The U.S. has abandoned international talks for a global carbon tax on emissions produced by oceangoing vessels, and has threatened to take reciprocal measures to offset any fees levied on U.S. ships.
In a letter to other member states of the International Maritime Organization (IMO), the U.S. unveiled its opposition to the tax, and any efforts to impose economic measures based on greenhouse gas (GHG) emissions or fuel choice.
The carbon tax is aimed at helping the IMO reach its net-zero GHG emissions objective by 2050, a goal the organization set in 2023.
“Should such a blatantly unfair measure go forward, our government will consider reciprocal measures so as to offset any fees charged to U.S. ships and compensate the American people for any other economic harm from any adopted GHG emissions measures,” the letter, seen by publications including Bloomberg and Politico, wrote. “The Trump administration will protect the American people and their economic interests.”
The IMO, the United Nations’ regulatory body over international shipping, is meeting in London this week to approve the proposed new global regulations
The debate at the meeting will cover whether to tax shipping emissions through carbon credits trading plan or a universal levy, which would entail a flat-rate tax on emissions. A flat tax could charge as much as $150 per metric ton of GHG emissions per ship, with supporting actors saying the duty would generate billions of dollars a year to help developing countries cope with the impact of the climate crisis.
If the tax charged $100 per metric ton, it would raise an estimated $60 billion per year, according to IMO estimates.
Within the leaked document, the U.S. called on the other governments to reconsider their support of the measures, which “would impose substantial economic burdens on the sector and drive inflation globally.”
The U.S. previously showed support for the proposal under the Biden administration. The Trump administration had stayed out of the discourse to start 2025, but it now joins countries including China, Brazil, Saudi Arabia and South Africa in opposition of a tax.
On Jan. 31, those countries, and eight others, argued a levy could reduce exports from the developing world, raise food prices and increase inequalities.
“A levy would not deliver a just and equitable transition [to low-CO2 shipping] and its adoption may trigger negative, economy-wide impacts…a levy is a fundamentally divisive proposal,” they wrote.
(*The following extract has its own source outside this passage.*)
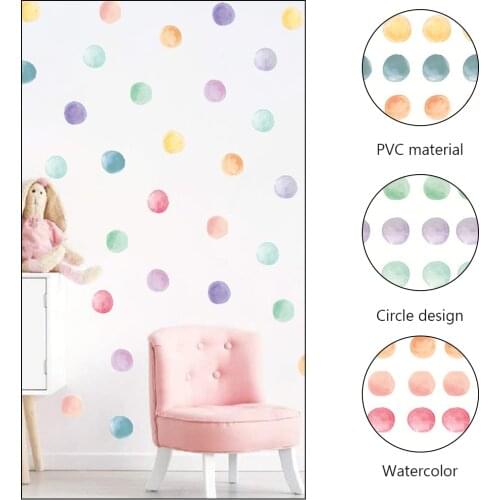 1 Set Watercolor Polka Dot Wall Decals Colorful Dots Wall Sticker Room Decor For Playrooms Nurseries Party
According to the U.N., 3 percent of total carbon emissions worldwide have come from container shipping, with that figure increasing over the past decade due to the increased size of vessels and the amount of cargo traveling per trip.
The opposition from the U.S. and others has continued a common theme of disagreement among IMO member nations over the impacts of a shipping levy on global trade. The topic has only garnered more concern in the wake of President Donald Trump’s global 10-percent tariffs and an escalating trade war between the U.S. and China.
For the U.S., the move falls in line with many of President Trump’s positions that run averse to climate regulation. The president pulled the U.S. out of the Paris Climate Agreement for the second time upon returning to the Oval Office in January.
“The U.N. should halt all efforts to proliferate the deeply unfair agenda reflected in the Paris Agreement in other fora,” the leaked document said, indicating that “[a] plain reading of these measures is that they are foremost an effort to redistribute wealth under the guise of environmental protection.”
It is unclear if American opposition to a carbon tax will hamper wider decarbonization efforts across shipping, particularly if other countries follow the U.S.’s lead.
The IMO’s Marine Environment Protection Committee, the body that would approve the carbon emissions reduction measures, typically makes decisions by consensus. While a ballot is a possibility, the U.S.’s vote wouldn’t carry more weight than that of other nations, but it might be able to influence others into voting in a certain way.
Despite its dominance on the global economic stage, its fleet of commercial ships remains small compared to other countries.
Flag states—places where vessels are registered—are integral to implementing the IMO’s air pollution rules as they exercise regulatory control over issues such as working and living conditions for seafarers, boat safety and marine environment protection.